Records for this task: Begin

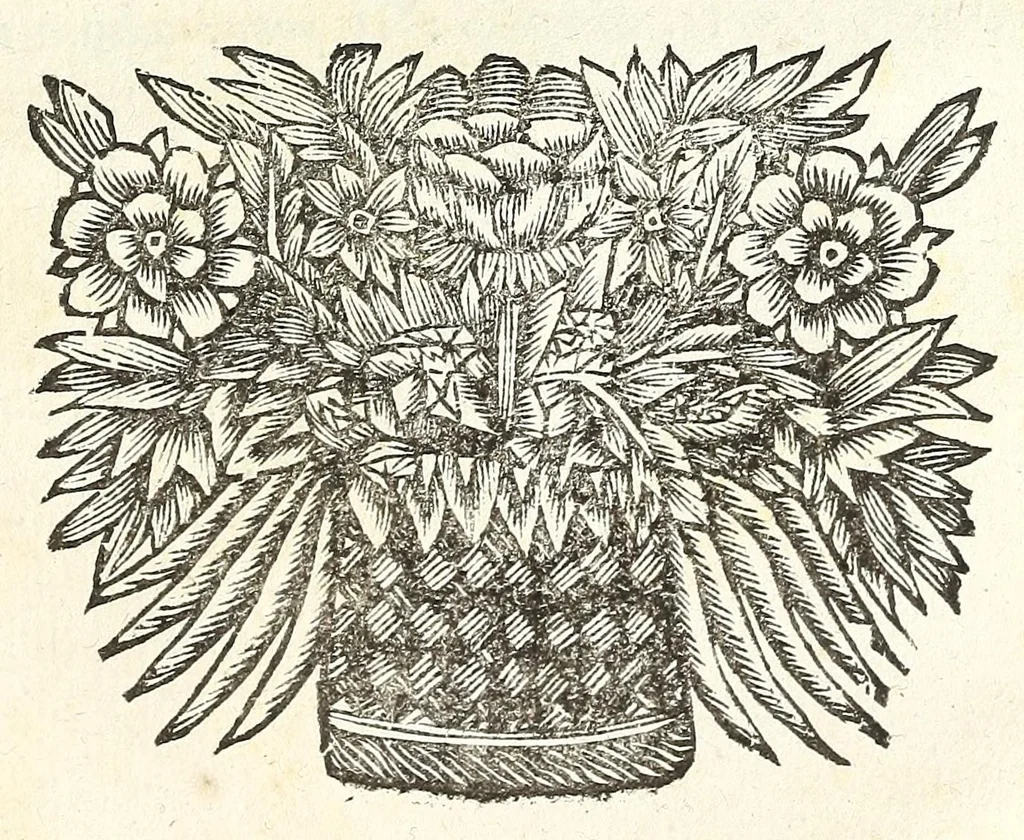 An illustration from Jacobi Tollii epistolae itinerariae : ex auctoris schedis postumis recensitae, suppletae, digestae : annotationibus, observationibus & figuris adornatae, 1700, leaf 329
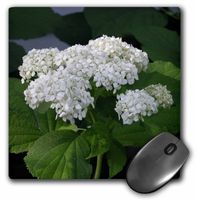 3dRose LLC 8 X 8 X 0.25 Inches White Hydrangeas Mouse Pad (mp_26864_1)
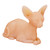 Silicone Cat - Practice Skin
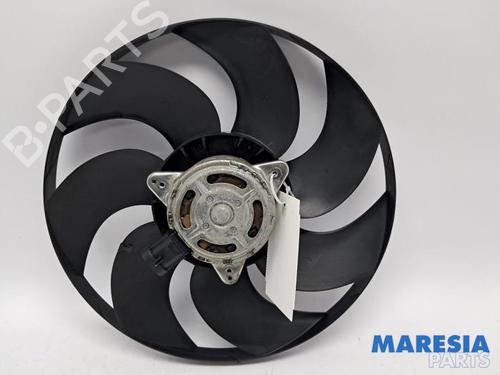 Pipe PEUGEOT 207 CC (WD_) 1.6 16V Turbo | BP31529469M125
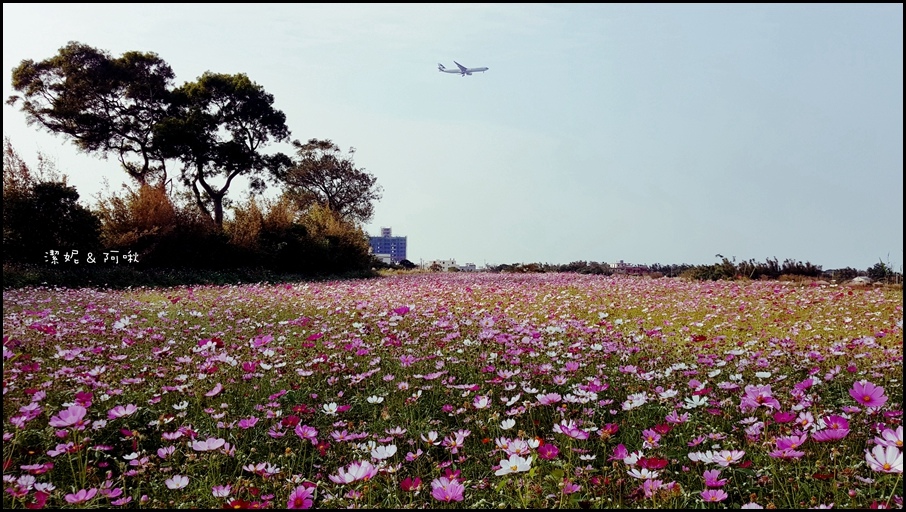 20161107_145436.jpg 20161107_145436.jpg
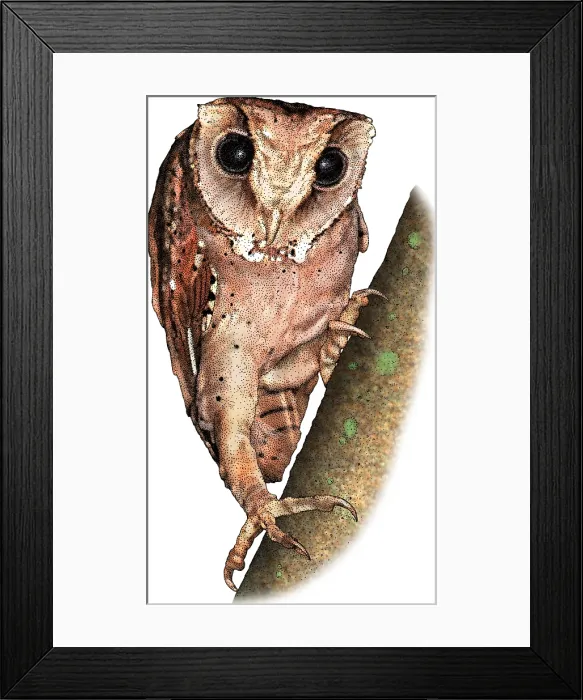 Framed Print : Oriental bay owl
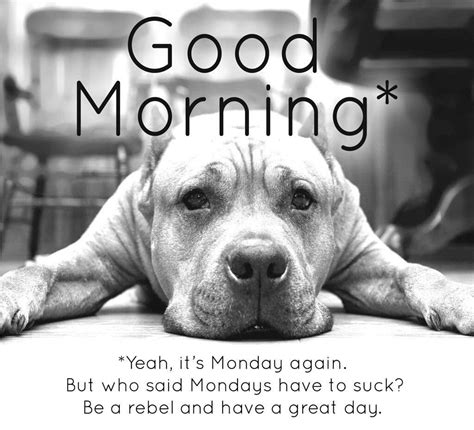 Pin on greetings | Monday humor, Monday morning motivation, Morning memes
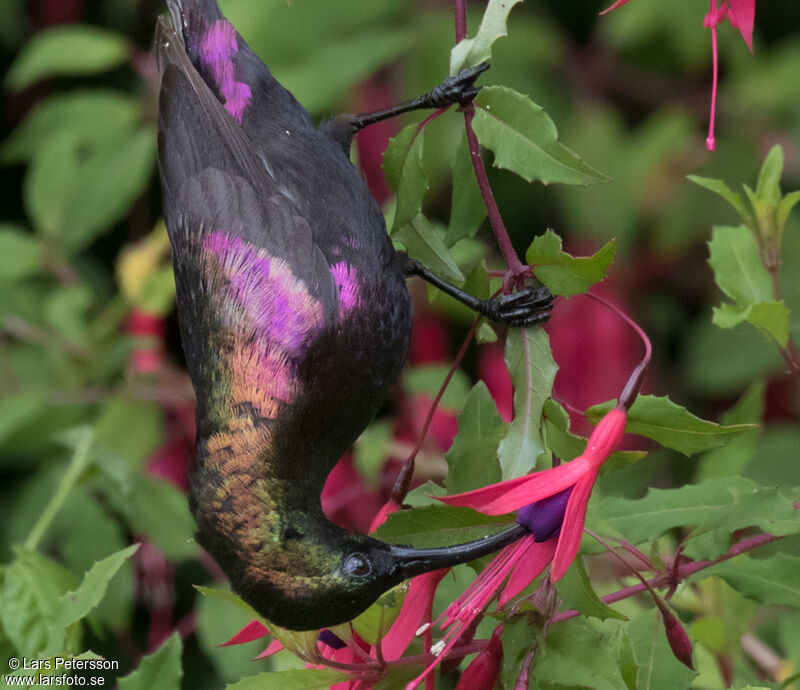 Tacazze Sunbird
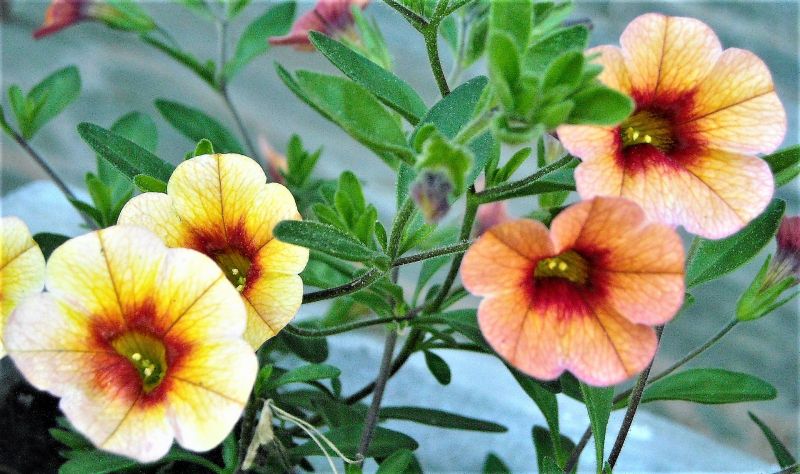 Calibrachoa Que Es Caracteristicas Cuidados Amenazas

Records for this task: End

:: Exercise details ::
What should come back is an exact copy of the lines above from the line with "3dRose LLC 8" to the line with "Tacazze Sunbird", both included, minus the pictures.

:: Task answer ::
 3dRose LLC 8 X 8 X 0.25 Inches White Hydrangeas Mouse Pad (mp_26864_1)
 Silicone Cat - Practice Skin
 Pipe PEUGEOT 207 CC (WD_) 1.6 16V Turbo | BP31529469M125
 20161107_145436.jpg 20161107_145436.jpg
 Framed Print : Oriental bay owl
 Pin on greetings | Monday humor, Monday morning motivation, Morning memes
 Tacazze Sunbird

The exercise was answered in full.